Member of the Ohio House of Representatives from the 43rd district
- In office January 2, 2007 – December 31, 2010
- Preceded by: Mary Taylor
- Succeeded by: Todd McKenney

Personal details
- Born: May 4, 1972 (age 54) Akron, Ohio
- Party: Democratic
- Alma mater: Tufts University, Kent State University, University of Akron
- Profession: Attorney, Reporter

= Steve Dyer =

American politician (born 1972)

Steve Dyer (born May 4, 1972) is a former Democratic member of the Ohio House of Representatives, who represented the 43rd District from 2007 to 2010.

==Life and career==
A former reporter for the Akron Beacon Journal, Dyer graduated with a law degree from the University of Akron.

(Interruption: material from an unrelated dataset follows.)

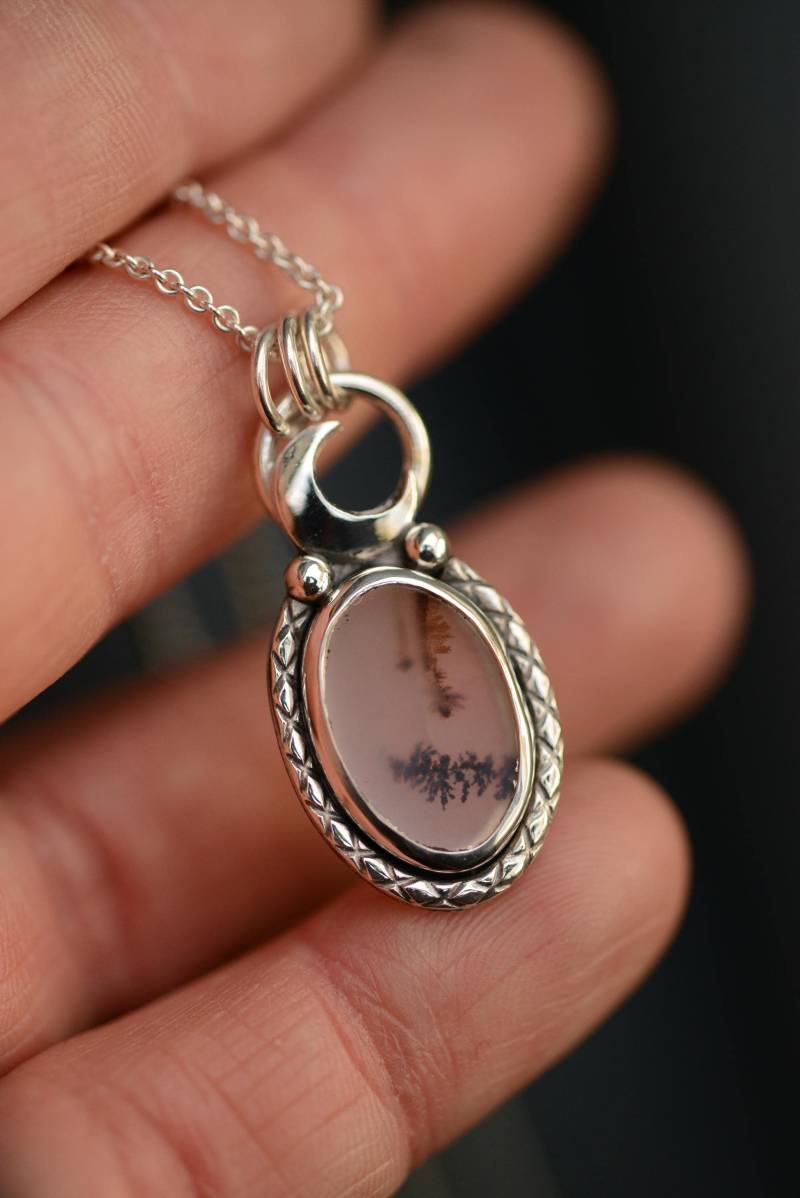 sterling Silver Celestial Necklace With A Montana Agate Gemstone, Unusual Made By Silversmith Oxidized Silver, Ooak von Formvollendung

He received his bachelor's degree from Tufts University.

==Ohio House of Representatives==
When incumbent Mary Taylor ran for Ohio Auditor, Dyer sought to replace her. Facing another political newcomer in Republican Christina Croce, Dyer won, taking the Forty Third District. He was sworn into his first term on January 2, 2007.

Dyer advocated in the issues he valued, notably education. Along with Governor of Ohio Ted Strickland, Dyer created the evidence based model, which was a school funding system that evaluated each state school district and appropriated a funding stream. Before this, Ohio school funding had been marked as unconstitutional. He also became an advocate for homeowner protections.

In 2008, Dyer faced Republican Judy Jones. In an overwhelmingly Democratic year, Dyer won a second term and the Ohio House of Representatives was won by Democrats. In his second term, Dyer was named Chairman of the House Finance Committee's Subcommittee on Primary and Secondary Education.

With 2010, Dyer ran for a third term, and Todd McKenney, a councilman from New Franklin, Ohio, was his Republican opponent. In an overwhelmingly Republican year, the race proved to be contentious. McKenney defeated Dyer. Following his defeat, Dyer became an analyst for the liberal think tank Innovation Ohio.

Dyer filed petitions with the Summit County Board of Elections on February 2, 2011 to run for a judgeship in the Barberton Municipal Court District. The only Republican to file was Barberton Municipal Court Clerk Christine Croce.

Dyer successfully ran for an at large seat on Green City Council in 2015. He began his service in January 2016.